Monday, February 8, 2010

The Plague of Fantasies (25)

From Slavoj Žižek's The Plague of Fantasies, (London: Verso, 1997)

pp. 120-121: This is also one way of specifying the meaning of Lacan's assertion of the subject's constitutive 'decentrement': its point is not that my subjective experience is regulated by objective unconscious mechanisms which are 'decentred' with regard to my self-experience and, as such, beyond my control (a point asserted by every materialist) but, rather, something much more unsettling: I am deprived of even my most intimate 'subjective' experience, the way things 'really seem to me', that of the fundamental fantasy which constitutes and guarantees the kernel of my being, since I can never consciously experience and assume it....According to the standard view, the dimension which is constitutive of subjectivity is that of the phenomenal (self-)experience--I am a subject the moment I can say to myself: 'No matter what unknown mechanism governs my acts, perceptions and thoughts, nobody can take from me what I see and feel now.' Lacan turns this standard view around: the 'subject of the signifier' emerges only when a key aspect of the subject's phenomenal (self-)experience (his fundamental fantasy) becomes inaccessible to him; that is to say: is 'primordially repressed'. At its most radical, the Unconscious is the inaccessible phenomenon, not the objective mechanism which regulates my phenomenal experience.

p. 121: [....] fantasy is objectively subjective (it designates an innermost subjective content, a product of fantasizing, which, paradoxically, is 'desubjectivized', rendered inaccessible to the subject's immediate experience).

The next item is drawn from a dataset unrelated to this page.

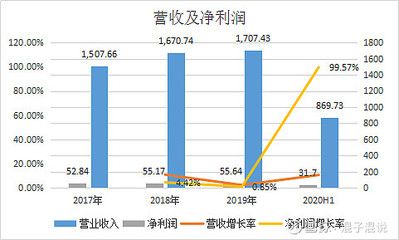 2024年金龙鱼销售数据（金龙鱼2024年上半年净利润同比增长13.57%新浪财经） 龙鱼百科 第3张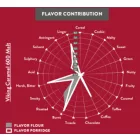 Viking Caramel 600 słód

pp. 121-122: It would, however, be a serious misunderstanding to read this radical decentrement involved in the notion of fetishism (I am deprived of my innermost beliefs, fantasies, etc.) as 'the end of Cartesian subjectivity'. What this deprivation (i.e. the fact that a phenomenological reconstitution which would generate 'reified' belief out of the presupposed 'first-person' belief necessarily fails, the fact that substitution is original, the fact that even in the case of the most intimate beliefs, fantasies, etc., the big Other can 'do it for me') effectively undermines is the standard notion of the so-called 'Cartesian Theatre,' the notion of a central Screen of Consciousness which forms the focus of subjectivity, where (at a phenomenal level) 'things really happen'. In clear contrast, the Lacanian subject qua $, the void of self-referential negativity, is strictly correlative to the primordial decentrement: the very fact that I can be deprived of even my innermost psychic ('mental') content, that the big Other (or fetish) can laugh for me, believe for me, and so on, is what makes me $, the 'barred' subject, the pure void with no positive substantial content. The Lacanian subject is thus empty in the radical sense of being deprived of even the most minimal phenomenological support: there is no wealth of experiences to fill in its void. And Lacan's premiss is that the Cartesian reduction of the subject to pure cogito already implies such a reduction of every substantial content, including my innermost 'mental' attitudes--the notion of 'Cartesian Theatre' as the original locus of subjectivity is already a 'reification' of the subject qua $, the pure void of negativity.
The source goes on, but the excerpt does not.